Au cœur de cette bataille tactique qui s’annonce, un homme s’impose comme la sentinelle indispensable. C’est Samuel Moutoussamy. Le milieu de terrain, devenu le véritable poumon du système Desabre, a partagé ses impressions au micro de nos confrères de Léopard Foot. Pour lui, l’enjeu dépasse largement le cadre d’une simple rencontre de football.

Conscient de la responsabilité qui pèse sur les épaules des joueurs, Moutoussamy a livré un témoignage poignant sur l’état d’esprit du groupe. Pour le joueur, il ne s’agit pas de briller individuellement, mais de porter les espoirs d’une nation entière.
« C’est le match le plus important de ma carrière. Ce ne sont pas seulement les ambitions personnelles mais celles de nos familles et de tout un peuple. », a-t-il déclaré.

Ces propos soulignent l’unité qui règne au sein de la tanière. Depuis l’arrivée du technicien français, la RDC a retrouvé une solidité et une cohésion qui faisaient défaut par le passé. Il a transformé chaque match en une mission nationale. Loin de se laisser paralyser par l’enjeu colossal d’une qualification en Coupe du Monde, Samuel Moutoussamy prône l’audace et l’engagement total.
En fait, pour arracher ce précieux billet, les Léopards devront jouer avec leur cœur, mais surtout avec une agressivité offensive assumée.
Le milieu de terrain a été très clair sur l’approche à adopter.
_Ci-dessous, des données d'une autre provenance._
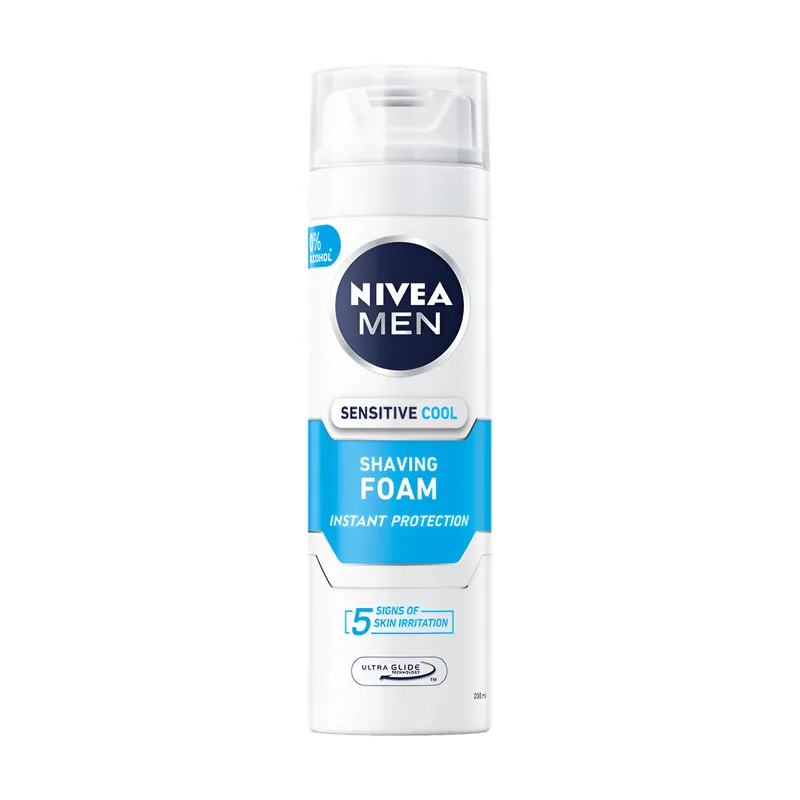 Nivea Shaving Foam 200 ml Sensitive Cooling Softens Stubble for a Close Shave Without Tugging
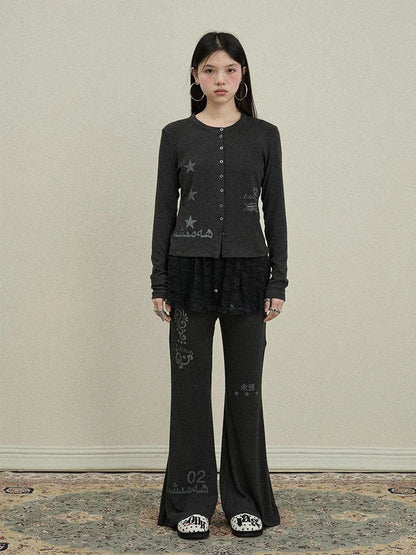 Achihara Rabbit Fit Flared Trousers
« On va mettre notre âme sur le terrain pour arracher la victoire. On ne peut pas être crispé, on doit mettre le feu offensivement et lacher tout ce qu’on a. », a poursuivi Samuel Moutoussamy.
Alors que le coup d’envoi approche, la ferveur monte à Kinshasa comme dans la diaspora. Si les Léopards parviennent à transformer cette pression en énergie positive, le 31 mars 2026 pourrait bien devenir une date gravée à jamais dans les annales du sport congolais.